There is yet another form of widely used "conferencing" software which is rarely mentioned in this connection. Multi-user, real-time, online games of all types from role=playing to live gambling (play poker with your friends, live roulette, etc.). Some of these systems are highly sophisticated and a lot of people love them. Their attraction lies not only in the ability to vicariously be someone (or something) else or to do things that may not be available locally, but in the social interactions and the communities that develop. While surfing is pretty much an unsocial activity, people are social creatures and the popularity of all types of solutions offering interactive contact and a sense of community reinforces this.
Marketing use of audio conferencing in the form of teleseminars and pre-recorded audio streams have undergone tremendous growth in the last year alone. Bandwidth still limits the quality of the video that's often used with pre-recorded audio to fairly static material.
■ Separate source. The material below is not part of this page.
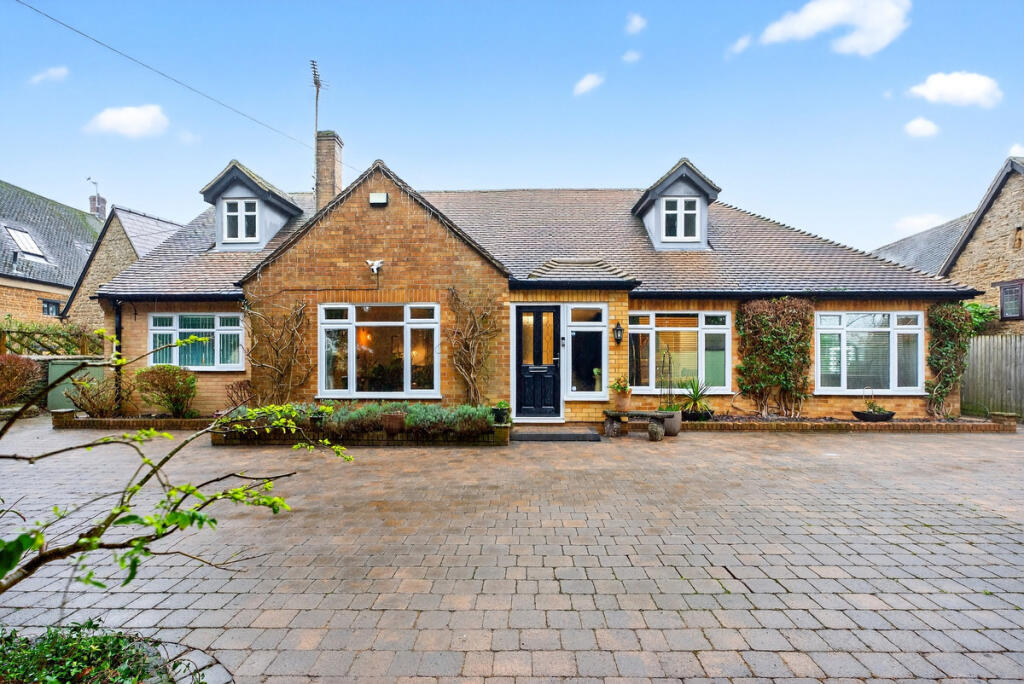 Main image of property: Main Road Middleton Cheney Banbury, Oxfordshire, OX17 2LT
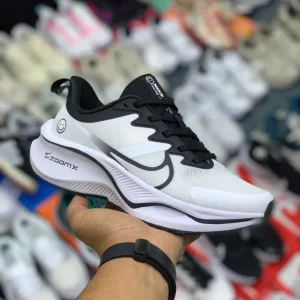 کتونی رانینگ نایکی زوم ایکس سیاه و سفید، نمای جانبی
But this is changing as compression and streaming technologies improve. The major breakthrough that's still to come is the technology to effectively and affordably do, first, one-way live high quality video and beyond that live interactive multi-way video over the internet. If it seems like a difficult, perhaps impossible task, think again about what's happened in the last five years. And the future is arriving faster all the time.
Copyright 2005 Richard Keir
Richard writes, teaches, trains and consults on business and professional presentations and eCommerce related matters. For more information on web conferencing, VoIP, conference calling and related subjects visit http://altaglobal.com - find more on wireless and cellular subjects at http://www.altaglobal.org and check http://www.altaglobal.net for networking and security.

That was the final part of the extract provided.